United States President Donald Trump is very clear in his mind that he would brook no opposition. So his demand from the reputed universities of America to abandon principles of free speech and liberal values was not surprising.
When the Department of Education sent a letter to Harvard University demanding that it should weed out students holding leftist views, that it should throw out those students, who protested Israel’s war atrocities on civilians in Gaza, terming the protesters as indulging in anti-Semitism, to filter foreign students seeking admission based on their political views, to abandon the criteria of diversity, equity and inclusivity (DEI) in admissions and in appointments of staff, and go by the criterion of merit alone, it was accompanied by the warning that if Harvard refused to adhere to the criteria laid out by the Department of Education, then the $2.3 billion government funding would be blocked. A similar warning was issued to another reputed private university, Columbia, and the threat of suspending $400 million government funding, was held. Columbia University complied.
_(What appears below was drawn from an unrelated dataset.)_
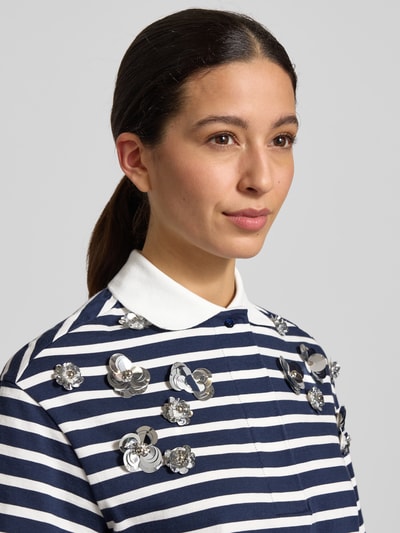 Frauenmodel trägt T-Shirt mit Polokragen von Rich & Royal in Dunkelblau-Weiß gestreift, reine Baumwolle, Zierbesatz, Nahaufnahme Oberkörper.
Harvard University’s Alan Garber replied, “No government – regardless of which party is in power – should dictate what private universities can teach, whom they can admit and hire, and which areas of study and inquiry they can pursue.”
It is the statement of an ideal liberal institution in a democracy, and the United States had been such a democracy. As a matter of fact, Harvard University is not a liberal university. It is quite conservative. But it does not shut out students and faculty with liberal values. The university does not subscribe to the individual opinions but it does not impose censorship. To accuse Harvard of harbouring leftists and communists becomes laughable.
The Trump Administration’s intolerant stance is a reminder of the McCarthy Era of the 1950s, when the US Senate harassed communists and suspected communists in every sphere of American life. It was an assertion of dictatorship which lasted for a few years and then ran out of steam. The same fate perhaps awaits Trump’s intellectual intolerance. America’s reputation as a land of the free is because of its individual freedoms and the institutions of higher education that thrived in the ecological system of free speech.
The Department of Education’s Joint Task Force to Combat Anti-Semitism, responded to Garber’s letter saying that his stand “reinforces the troubling entitlement mindset that is endemic in our nation’s most prestigious universities and colleges – that federal investment does not come with the responsibility to uphold civil rights laws.”
There is no proof to suggest that Harvard University or any other ‘prestigious’ institution had violated the law. The complaint is that the pro-Palestinian protestors criticised the state of Israel. The criticism of Israel is being termed anti-Semitism. If the issue is taken to the Supreme Court, then it would be hard to justify the government’s contention. The US government support for Israel is a policy issue and not a matter of constitutional law. And criticism of Israel cannot be equated with anti-Semitism.
It is still an open question whether other top private universities will take a cue from Harvard or follow the example of Columbia. But the clash between the diktat of state and the principle of freedom upheld by Harvard strikes at the root of American democracy. Trump and his hardened Republican followers will have a tough time undermining the foundations of free speech in America.
President Trump and his followers are entirely justified in disagreeing with the stance taken by Harvard University, and to dislike deeply Harvard’s adherence to democratic values. But the Trump Administration would be crossing the red line as it were if were to threaten Harvard or any other university for holding views opposed to that of the government of the day.